We recently welcomed improv performer, actor, director, and writer, Pete Courtenay to our screens for our online Artists Talk. Here Pete tells us his thoughts on his talk and shares what mischief took place…


I was very flattered when I was asked by my friend Jo to do an ‘Artists Talk’ on Improv. She came over to explain how it was to work. It all seemed quite simple. She would run the tech side of this live stream Zoom event, do an intro and then I’d talk for twenty mins or so. After that there’d be a Q&A. 

I said it might be fun to make it a little more like an interview. A playful interview, in which it could go in any direction and we could have some fun. After a moments hesitation, she agreed. 

About fifteen minutes before the live event we met in the virtual world of Zoom to check tech. I asked her if we were still ok to run this like an interview. After a moment’s hesitation, she agreed. 

I hadn’t really prepared anything to say and was looking forward to playing.

Those that had bought tickets slowly arrived in their little Zoom boxes. Jo did her intro. Now it was time for interview fun. I had secretly made a ‘startled Leek puppet’ for her to interview instead of actually seeing me, which I’d kept concealed. 

She hesitated a moment….and I saw the faintest glimmer of mischief in her eye, quite subtle, but definitely there. Then she said:

‘Right, I’m going to mute myself now and hand over to Pete for the next twenty minutes.’

She then purposefully hit the mute button and sat contritely looking back at me, eye brows slightly raised. She’d played the ball straight back at me with heavy top spin. 

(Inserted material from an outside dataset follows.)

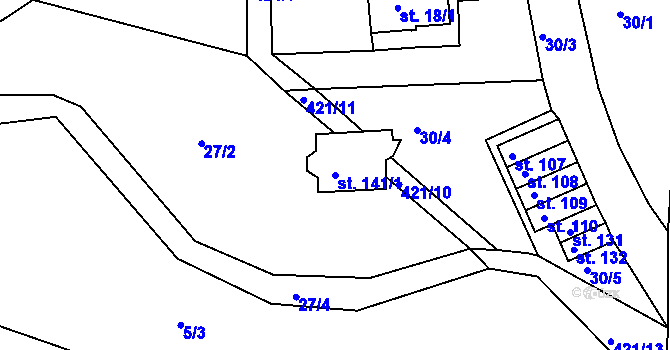 Parcela st. 141/1 v KÚ Včelnička, Katastrální mapa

First rule: never plan anything. You WILL be wrong footed.

Second rule: Accept your partners offer and go with it. 

In fact, it was a perfect improv moment. I love those.

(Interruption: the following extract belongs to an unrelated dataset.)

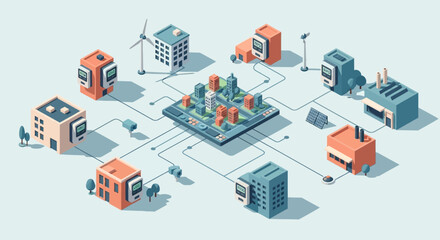 Fototapeta premium Sustainable city infrastructure with renewable energy.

I stared at the ‘Gallery view’ screen for a second, trying really hard not to laugh at the delightful cheek of being ‘out played’.

My mouth started working. I have no memory of what I said.


So I’ve written this.

Improv is as simple as saying and doing ‘yes’, and, as complicated as people. It’s a wonderfully counter intuitive, inexact science that is constantly changing, morphing and expanding. Companies and Guru’s all over the world are forever finding new and exciting ways of looking at this Art Form and pushing the boundaries of spontaneous performance…

Improv is also extremely flexible. Within just a couple of weeks of Lock down all the major improv companies and institutions had adapted the whole genre to Zoom. They reinvented teaching and performance.

At it’s heart though, is a rediscovery of ‘play’. That joyful thing we’re supposed to give up when we stop being children, become adults and find things like golf to keep us amused. 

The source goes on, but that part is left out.